DATA SHOWN:
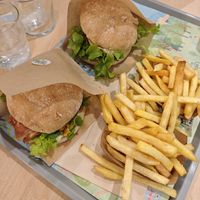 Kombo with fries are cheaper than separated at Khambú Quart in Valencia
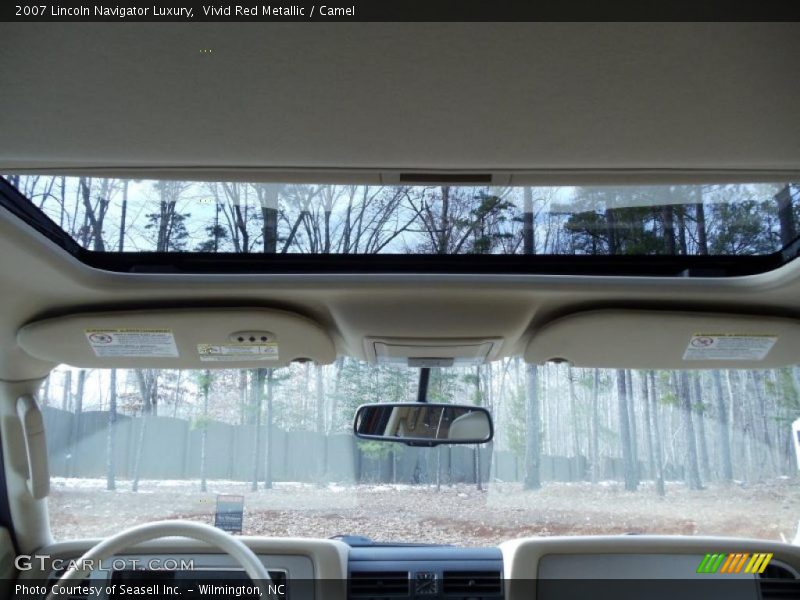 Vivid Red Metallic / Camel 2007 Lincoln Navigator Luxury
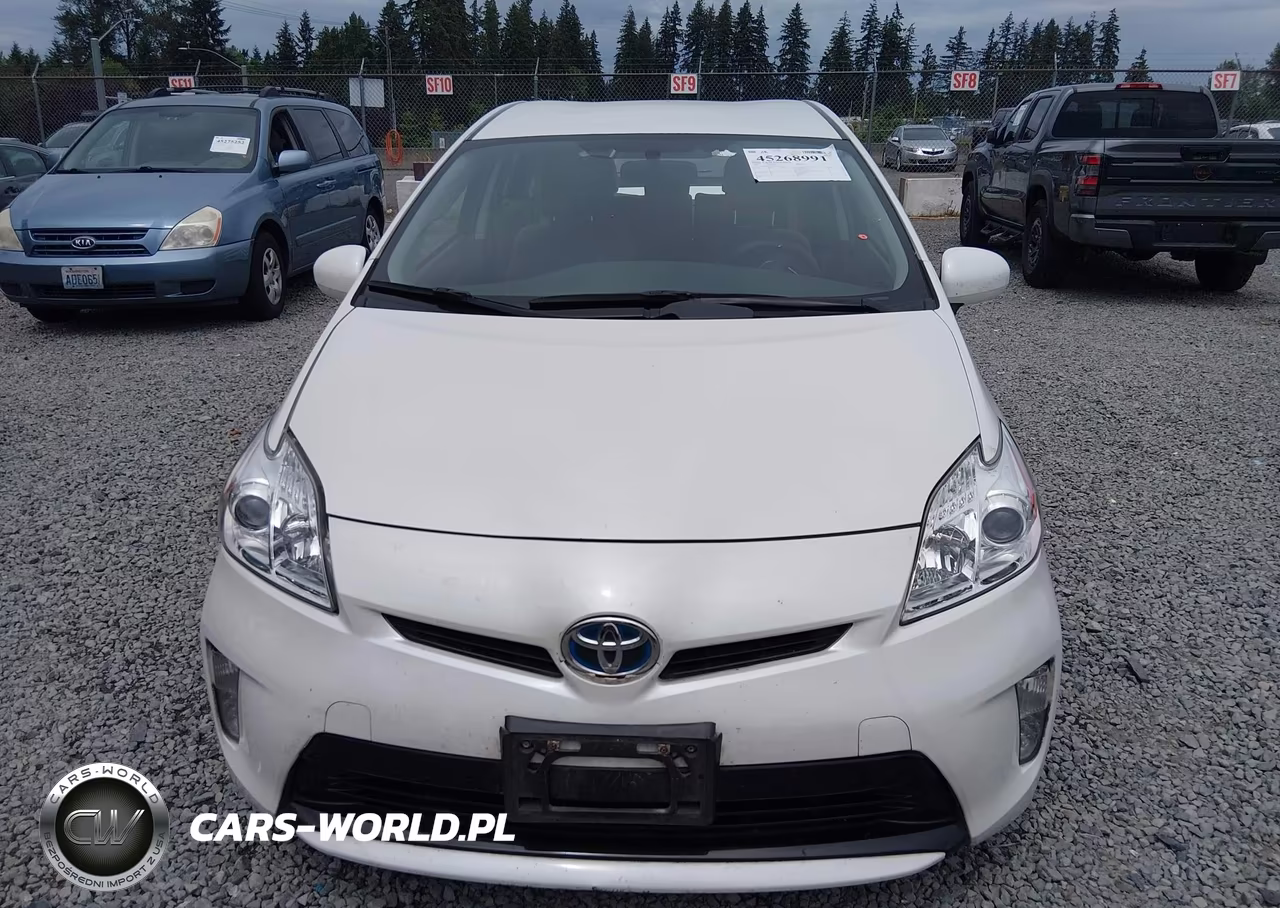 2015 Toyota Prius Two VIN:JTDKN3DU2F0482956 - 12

* * *

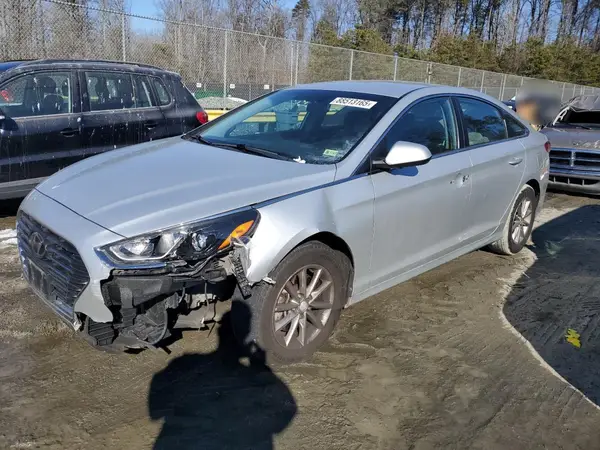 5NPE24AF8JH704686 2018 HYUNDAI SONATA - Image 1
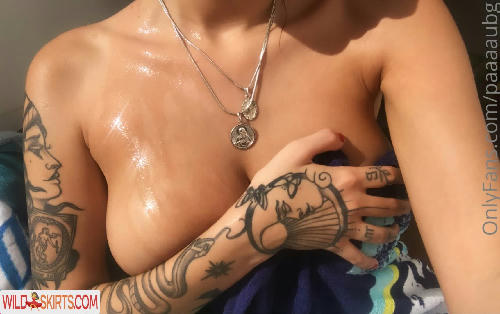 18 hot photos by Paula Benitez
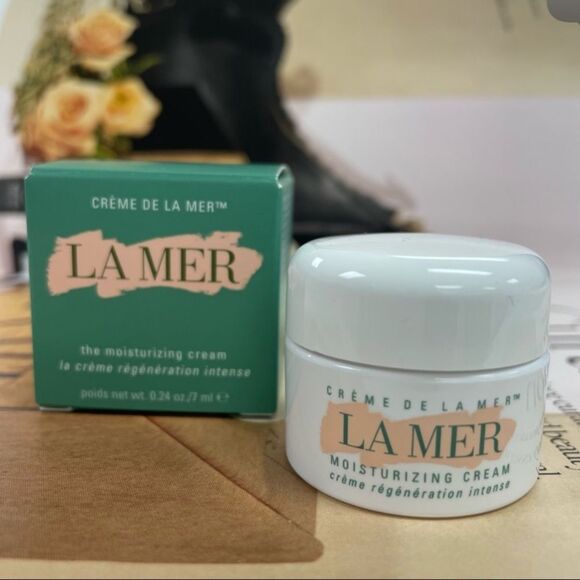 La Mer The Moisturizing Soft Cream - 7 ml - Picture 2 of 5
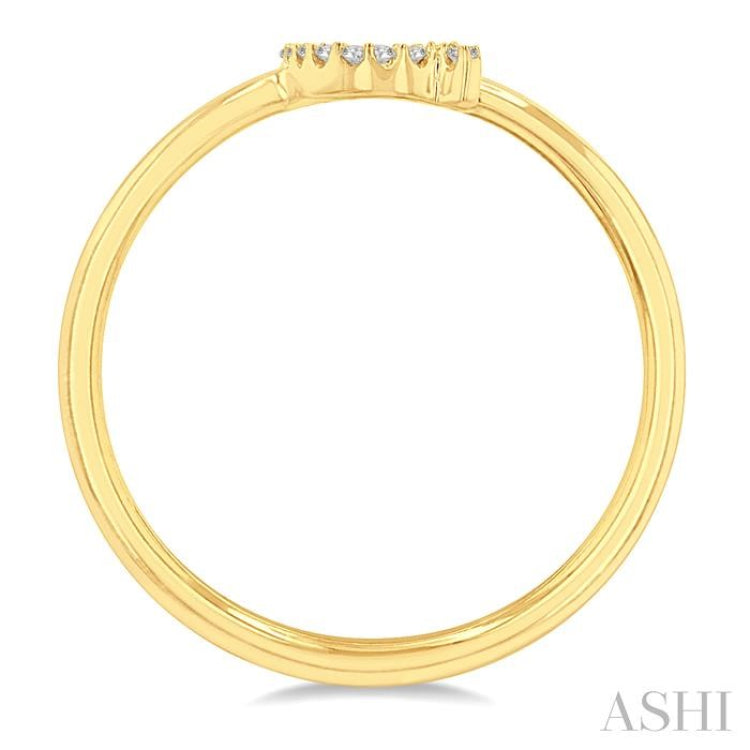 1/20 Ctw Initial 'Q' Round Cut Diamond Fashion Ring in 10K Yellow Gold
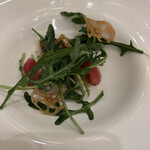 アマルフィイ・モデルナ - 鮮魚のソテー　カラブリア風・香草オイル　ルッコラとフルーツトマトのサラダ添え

EXERCISE BRIEF: Copy out exactly the lines above beginning with the line that contains "Kombo with fries" and finishing with the line that contains "2015 Toyota Prius", including both; leave the pictures out.

TASK OUTPUT:
 Kombo with fries are cheaper than separated at Khambú Quart in Valencia
 Vivid Red Metallic / Camel 2007 Lincoln Navigator Luxury
 2015 Toyota Prius Two VIN:JTDKN3DU2F0482956 - 12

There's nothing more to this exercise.